A hand-beaded wedding sash

June 10, 2014

This past weekend we had the chance to witness and celebrate the marriage of two great friends. It always feels like a privilege to be there for such an event, and doesn't hurt when it's held in a beautiful location. We had a fabulous weekend in Leavenworth, WA, just east of the Cascades, a pretty amazing place. In the early 1900s, the economy of the town relied mostly on the railway system. After the railway's headquarters moved elsewhere in the 1920s, the city struggled for many decades, until some geniuses decided to transform the town into a Bavarian village. The city's economy now mainly relies on hordes of tourists, attracted to the city for it's charm, sausages, beers and of course, the nearby ski hill, hiking, rafting and rock climbing. If you ask me, after a long day of hiking/snowboarding, there isn't really anywhere I'd rather be than in Bavaria with a beer. Maybe in a hot tub. Oh wait, most hotels/condos have one. Bingo. 

The wedding took place just outside of Leavenworth, at the Pine River Ranch. It was sunny, gorgeous and peaceful for the ceremony, and followed by a great reception in the barn, illuminated by rows of little white lights. Everyone looked happy and relaxed, just the way it should be. It was truly perfect. The bride looked absolutely stunning, even more than usual. I was so happy to have been able to contribute a little something to the wedding.

A while back, I went wedding dress shopping with the bride-to-be, and she found the perfect dress. She tried on a cute beaded sash to go with it, and it totally made the dress. Unfortunately, the sash wasn't for sale. The saleswoman told us that they had just made it for the store, and that it was super easy. That's all it took for me to enthusiastically commit to making one. Had I ever done anything closely related to this? Of course not. Did I have any idea how to do this? Nope. But there I was, thinking, oh heck, can't be that hard and I've got plenty of time. 

How do you like to approach big projects that are maybe a bit overly ambitious? I personally prefer the approach of panicking quietly and procrastinating.
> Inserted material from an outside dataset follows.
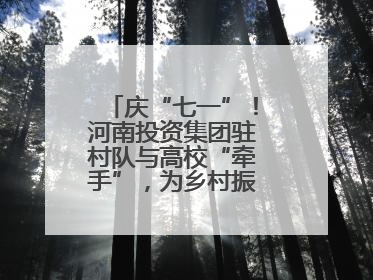 庆“七一”！河南投资集团驻村队与高校“牵手”，为乡村振兴添新活力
First I left the country for a month, and did not think about it. Then I came back, and still did not do anything about it. At about 3 months before the wedding, I started freaking out. You can't really let down a bride-to-be. So I went to a bead store, heard things like special needles, thread and thread conditioner, looked confusedly at way too many different kinds of beads, and left. I was in a full blown panic. So I decided to do nothing for a few more weeks. Work on other projects that were more manageable. Then my mother-in-law came to visit, and she makes fantastic jewelry. And wanted to go to a few bead stores. I guess that was the sign I needed to buckle down and buy some supplies. So I did. My first attempts were terrible. I was trying to mimic the intricate work of my friend's engagement ring, as if I I was a pro. I wasn't. I finally settled on a simple, symmetrical pattern, which I could reasonably accomplish. My cruising speed was just below a turtle for a while. It picked up over time, and became more soothing than stressful, more pleasant than panicking, and I managed to finish it in plenty of time for the wedding. 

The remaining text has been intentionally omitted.